Ce matin-là, les premiers rayons du soleil n’ont pas encore atteint le petit village valaisan de Saas-Fee mais les cimes des montagnes qui découpent le ciel de leur couleur rose vif laissent déjà présager de conditions météorologiques idéales pour une aventure intense dans le massif des Mischabel. Il a neigé quelques jours plus tôt, pas un nuage à l’horizon. Pas de vent non plus. Cette journée n’aura pourtant rien d’une promenade de santé. Elle exigera des efforts physiques intenses, une détermination sans faille et une capacité à se dépasser, tant sportivement qu’artistiquement, de la part des deux hommes.
La notion de temps est essentielle dans leurs métiers respectifs. «On ne peut pas risquer de se faire piéger en haut de la montagne, rappelle Emilien. Le vent peut se lever et la neige se réchauffer au cours de la journée avec des dangers potentiels. Quand on monte, on sait par expérience que c’est la montagne qui décide.» Anticiper? «On a beau se préparer, on ne peut pas tout prévoir, souligne Antoine. Ce qui est essentiel pour obtenir de belles images, c’est surtout la qualité de la lumière. Alors il faut être flexible, s’adapter en fonction des conditions.» Etre rapide et efficace également. La bonne photo n’attend pas, elle peut se présenter sans que l’on s’y attende et elle suppose d’être prêt à se surpasser tout en gardant la tête froide. «On est capable d’aller loin pour une photo, admet Emilien. Mais c’est crucial de garder notre capacité de discernement.»
Repousser ses limites physiques et mentales, faire preuve de courage et constamment élargir le champ des possibles rythment le quotidien du freerider et du photographe. Le projet de toute une vie dédiée à parcourir le monde tout en explorant leurs propres ressources intérieures. A 38 ans, le snowboarder suisse Emilien Badoux fait preuve de lucidité et d’une grande sagesse. De l’eau a coulé sous les ponts depuis ses premières compétitions de snowboard freestyle il y a près de 25 ans.
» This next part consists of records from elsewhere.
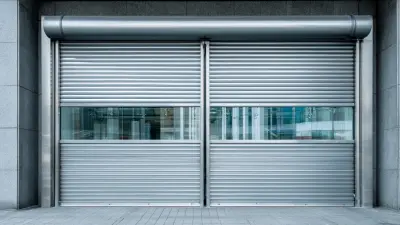 A Comprehensive Guide to Installing Aerosol Fire-Rated Shutters for Optimal Safety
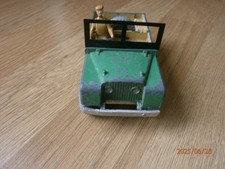 Dinky land rover for sale  PEEBLES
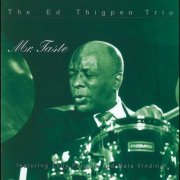 Ed Thigpen Trio - Mr. Taste (feat. Tony Purrone & Mads Vinding) (1991) flac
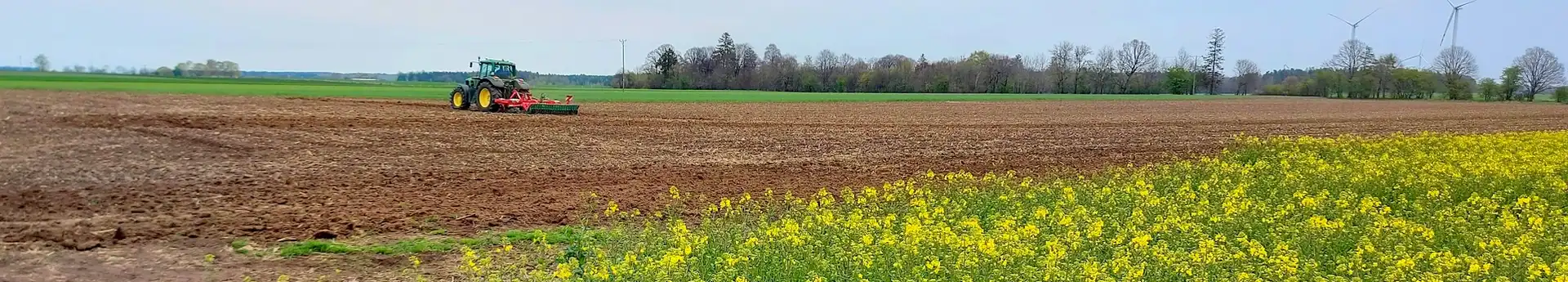 Strefa agro i maszyny rolnicze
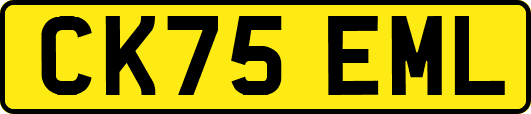 CK75EML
A l’époque, le snowpark est son royaume, un terrain de jeu où il exprime ses talents d’acrobate avec insouciance. En toute liberté et avec un style singulier, il excelle et se fait rapidement remarquer. Il a déjà l’âme d’un compétiteur et l’amour de la glisse chevillé au corps. «Je n’avais pas l’impression de faire un travail, se souvient-il. Le freestyle, c’était avant tout une passion, un rêve qui me procurait essentiellement du plaisir, une sensation de liberté et un mode d’expression. Ça a aussi été une école de vie; j’ai énormément appris sur moi-même. Je sais aujourd’hui qu’il faut faire des sacrifices et être très sérieux pour aller au bout de ses rêves.»
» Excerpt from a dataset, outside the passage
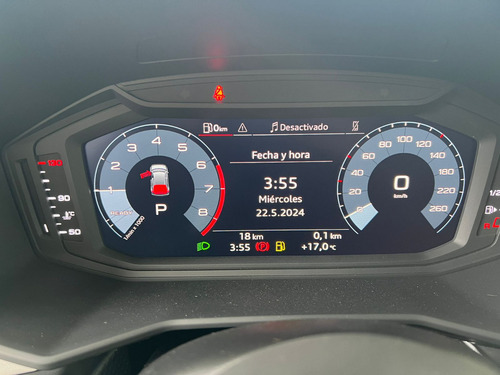 Audi A1 Sportback 1.0 30 Tfsi 116cv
Après un titre de champion suisse de half pipe, il quittera la compétition avec le sentiment de ne pas en avoir atteint le sommet. «J’y suis revenu beaucoup plus tard avec le freeride, poursuit-il. Je fêtais mes 26 ans et j’avais le regret de ne pas être allé au bout de ma première carrière en compétition. J’ai énormément travaillé, avec une grosse pression mentale. Dans cette discipline, on sait qu’une chute peut être mortelle. Et cela exige d’être capable d’aller chercher très loin en soi, de se dépasser et donc d’accepter de se mettre dans une zone d’inconfort. En même temps, plus on pratique un sport, plus on repousse les limites et les dangers. Ce sont l’expérience et les connaissances acquises qui permettent d’aller toujours plus loin.» En 2014, il décrochera le titre de champion du monde de freeride à Verbier lors de la finale du Freeride World Tour. Une consécration. «Ce jour-là, j’étais prêt physiquement et mentalement. Au sommet de la montagne, j’ai souri. En réalité, je faisais déjà abstraction des enjeux. Je l’ai vécu comme une compétition entre moi et la montagne.»
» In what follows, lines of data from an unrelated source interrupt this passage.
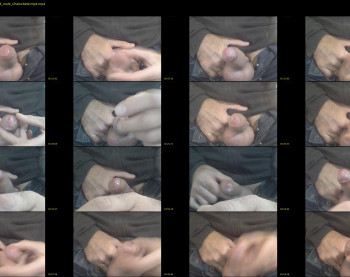 thickrum — 7 minute Chaturbate male cam show recording, 720p, Oct 25, 2021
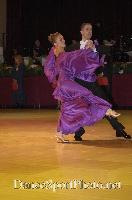 Mikhail Solovyev & Irina Puzrina at 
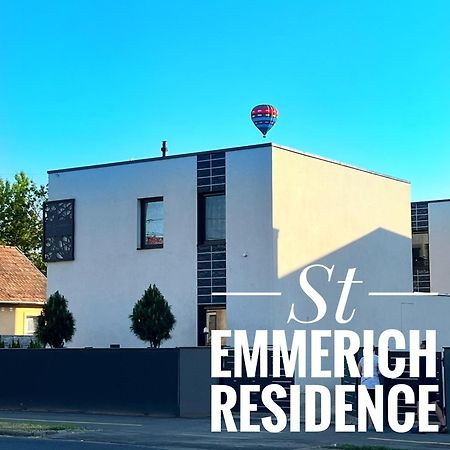 St Emmerich Residence Győr Extérieur photo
Pour Antoine Truchet, pas de compétition officielle dans ses domaines d’activité, la photographie et la vidéo de sports extrêmes. Plutôt une envie constante de progresser, de donner le meilleur de lui-même. Il n’a que 25 ans mais capture le monde à travers son objectif depuis déjà de nombreuses années. «Pour mes 7 ans, je ne voulais qu’une seule chose: un appareil photo!» se souvient-il. L’âge de raison ne parvient pourtant pas à le faire devenir raisonnable. Au contraire: pour Antoine, l’appareil photo s’avère être le medium parfait pour s’exprimer et pimenter sa vie. Pour obtenir les meilleures images et réaliser des vidéos toujours plus impressionnantes, il est capable d’aller loin, très loin. Il ose et croit à l’impossible sans se freiner mentalement.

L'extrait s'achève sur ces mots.